501.BB Palestine/4–3048

Memorandum of Conversation, by the Director of the Office of United Nations Affairs (Rusk)1

top secret

I had twenty minutes at four o’clock this afternoon with the President on the subject of a prospective truce in Palestine. The President opened by saying that he wanted the full story and wanted to know what he could do to help the situation. He said that he did not wish to approach the matter from the point of view of personal political considerations but wished to get the matter settled. He paused at this point and I remarked that an immediate truce in Palestine seemed to me to be our fundamental objective. He said “Yes, that is the thing. We are trying to stop the fighting.”

I then outlined to the President the course of the informal negotiations which have been going on in New York. I told him that it had become apparent that there were sound reasons why both the Jews and the Arabs needed a truce and that we had become convinced in New York that it was possible to get agreement on a great many points which would go into a truce. I described briefly the successive steps of the conversations and pointed out that immigration developed as the substantial bar to an agreement. I then indicated how we proposed to handle it, namely, by getting the parties to agree to let the Security Council Truce Commission make the actual decisions on immigration during the period of the truce. I told him that we would need to tell [Page 878] the parties in identical language at the time of signing the truce how we would proceed as a member of the Security Council Truce Commission to handle immigration. We would emphasize that security and public health considerations would govern immigration and that full provision must be made for them before their entry into the country and that during the truce immigration should be of a compassionate nature (families and women and children), and that the truce should not be used as a cloak for a change in the military position of either side. The President interrupted at this point and said “absolutely, that is fundamental”. I then added that the proposed line of action on immigration should include a statement to the Jews and Arabs that we would be prepared to admit up to 4,000 displaced Jewish persons per month.
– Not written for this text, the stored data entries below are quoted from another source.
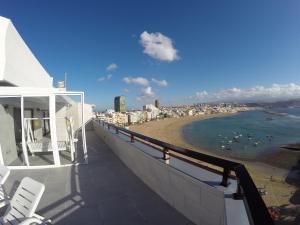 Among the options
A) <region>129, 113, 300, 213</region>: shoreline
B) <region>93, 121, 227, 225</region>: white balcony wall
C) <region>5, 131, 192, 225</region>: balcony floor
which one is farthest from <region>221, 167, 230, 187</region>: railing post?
<region>129, 113, 300, 213</region>: shoreline

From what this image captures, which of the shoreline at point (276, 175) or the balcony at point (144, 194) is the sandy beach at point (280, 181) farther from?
the balcony at point (144, 194)

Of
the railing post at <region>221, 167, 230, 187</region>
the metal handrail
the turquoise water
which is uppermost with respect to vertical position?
the metal handrail

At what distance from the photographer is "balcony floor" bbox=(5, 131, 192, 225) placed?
305cm

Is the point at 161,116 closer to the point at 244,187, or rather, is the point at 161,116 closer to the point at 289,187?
the point at 289,187

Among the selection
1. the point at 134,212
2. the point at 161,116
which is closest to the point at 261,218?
the point at 134,212

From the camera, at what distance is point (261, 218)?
41.3 inches

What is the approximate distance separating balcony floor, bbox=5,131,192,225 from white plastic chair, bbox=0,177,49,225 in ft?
2.96

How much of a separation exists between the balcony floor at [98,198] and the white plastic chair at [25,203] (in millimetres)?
903

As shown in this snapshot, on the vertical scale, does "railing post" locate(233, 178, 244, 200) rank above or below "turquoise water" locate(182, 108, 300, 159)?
above

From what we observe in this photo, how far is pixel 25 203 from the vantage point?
2.14 meters

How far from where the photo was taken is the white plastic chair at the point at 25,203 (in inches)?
79.4

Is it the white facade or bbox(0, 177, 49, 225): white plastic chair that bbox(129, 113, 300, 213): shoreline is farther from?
bbox(0, 177, 49, 225): white plastic chair

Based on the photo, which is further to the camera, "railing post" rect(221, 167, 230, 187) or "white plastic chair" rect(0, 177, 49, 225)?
"railing post" rect(221, 167, 230, 187)

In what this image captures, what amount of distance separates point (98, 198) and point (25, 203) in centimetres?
175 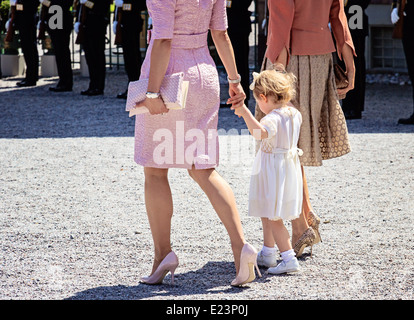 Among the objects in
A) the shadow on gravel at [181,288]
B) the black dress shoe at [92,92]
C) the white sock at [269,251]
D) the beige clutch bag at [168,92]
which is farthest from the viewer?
the black dress shoe at [92,92]

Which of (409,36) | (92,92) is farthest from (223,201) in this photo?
(92,92)

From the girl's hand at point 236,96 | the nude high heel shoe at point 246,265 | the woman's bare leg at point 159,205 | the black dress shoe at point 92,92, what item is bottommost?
the black dress shoe at point 92,92

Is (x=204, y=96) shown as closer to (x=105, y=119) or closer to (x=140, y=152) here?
(x=140, y=152)

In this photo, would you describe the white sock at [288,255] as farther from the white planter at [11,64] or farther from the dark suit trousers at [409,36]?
the white planter at [11,64]

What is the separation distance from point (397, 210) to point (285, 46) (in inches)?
64.3

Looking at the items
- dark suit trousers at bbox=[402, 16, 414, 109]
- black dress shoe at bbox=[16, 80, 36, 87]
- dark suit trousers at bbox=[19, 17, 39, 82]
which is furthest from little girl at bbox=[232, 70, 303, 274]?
black dress shoe at bbox=[16, 80, 36, 87]

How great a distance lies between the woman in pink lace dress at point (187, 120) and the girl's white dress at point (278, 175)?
0.22 metres

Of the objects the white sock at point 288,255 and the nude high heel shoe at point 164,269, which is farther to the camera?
the white sock at point 288,255

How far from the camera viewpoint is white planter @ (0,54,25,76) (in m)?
14.5

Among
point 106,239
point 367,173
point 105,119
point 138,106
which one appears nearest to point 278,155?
point 138,106

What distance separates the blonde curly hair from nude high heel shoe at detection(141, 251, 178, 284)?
2.98 ft

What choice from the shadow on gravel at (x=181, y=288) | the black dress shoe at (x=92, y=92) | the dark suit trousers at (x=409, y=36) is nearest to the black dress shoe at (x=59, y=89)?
the black dress shoe at (x=92, y=92)

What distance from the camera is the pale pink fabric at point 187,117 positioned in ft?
12.9

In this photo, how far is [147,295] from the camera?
12.9ft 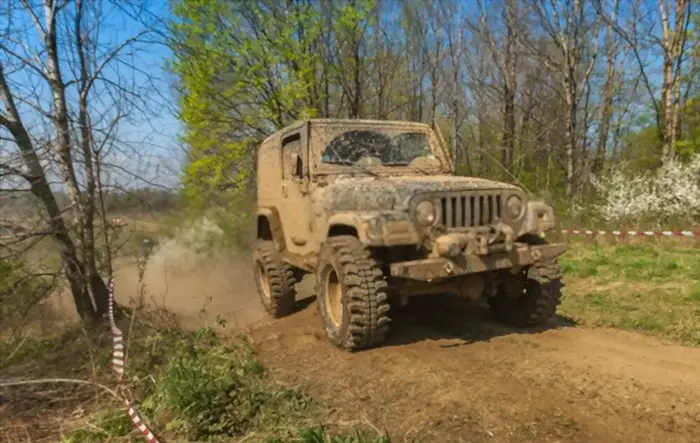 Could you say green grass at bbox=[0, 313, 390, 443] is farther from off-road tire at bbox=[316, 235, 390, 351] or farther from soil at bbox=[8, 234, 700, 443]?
off-road tire at bbox=[316, 235, 390, 351]

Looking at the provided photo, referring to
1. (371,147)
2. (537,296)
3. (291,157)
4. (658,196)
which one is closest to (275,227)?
(291,157)

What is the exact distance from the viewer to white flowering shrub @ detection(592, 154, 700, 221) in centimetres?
1194

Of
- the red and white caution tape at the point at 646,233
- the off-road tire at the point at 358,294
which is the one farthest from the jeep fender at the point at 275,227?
the red and white caution tape at the point at 646,233

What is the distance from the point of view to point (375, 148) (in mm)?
6188

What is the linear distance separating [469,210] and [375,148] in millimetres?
1744

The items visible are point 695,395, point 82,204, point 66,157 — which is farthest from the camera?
point 82,204

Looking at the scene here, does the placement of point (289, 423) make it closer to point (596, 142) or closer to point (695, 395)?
point (695, 395)

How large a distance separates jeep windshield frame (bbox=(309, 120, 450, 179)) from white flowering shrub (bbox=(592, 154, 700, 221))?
8161mm

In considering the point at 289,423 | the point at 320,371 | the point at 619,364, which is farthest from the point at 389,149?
the point at 289,423

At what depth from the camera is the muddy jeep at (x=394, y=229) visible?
15.2ft

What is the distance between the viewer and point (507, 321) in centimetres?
579

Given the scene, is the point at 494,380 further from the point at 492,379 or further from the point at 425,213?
the point at 425,213

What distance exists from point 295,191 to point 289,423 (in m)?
3.25

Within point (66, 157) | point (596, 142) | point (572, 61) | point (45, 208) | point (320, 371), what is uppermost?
point (572, 61)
I told the President that there was a sharp difference of view inside the Jewish Agency, that men like Dr. Groldmann and Shertok (and according to my information Jewish leaders in Palestine) were inclined to take a moderate view and to consider that a truce was necessary. On the other hand, extremists like Dr. Silver made up a formidable war party which complicated our task considerably. I then said that one of the serious obstacles to our negotiations was the suspicion which had developed on both sides as to just what the United States was after. I told him that the Jews suspected us of trying to trap them into trusteeship against their wishes and of trying to trap them into a continuance of British authority in Palestine. On the other hand, the Arabs were afraid that we were trying to lure them into an enforced partition. I said that I had indicated informally to both the Jews and Arabs that if they had some such truce and then decided that they did not want a trusteeship but would join in working out an alternative provisional government, there would be no great difficulty in meeting their agreed wishes in that respect. I added that we had received hence [hints?] from both sides that there might come a time very soon when it would be necessary for the United States to move in strongly and push the wavering parties into a final acceptance. The President said that he would be glad to do everything possible to help out in such a situation and that he wanted Secretary Marshall to know that he (the President) was ready to take whatever steps the Secretary thought would hasten the completion of a truce. The President said he wanted to give the United Nations every possible support in bringing about this truce and was prepared to go the limit.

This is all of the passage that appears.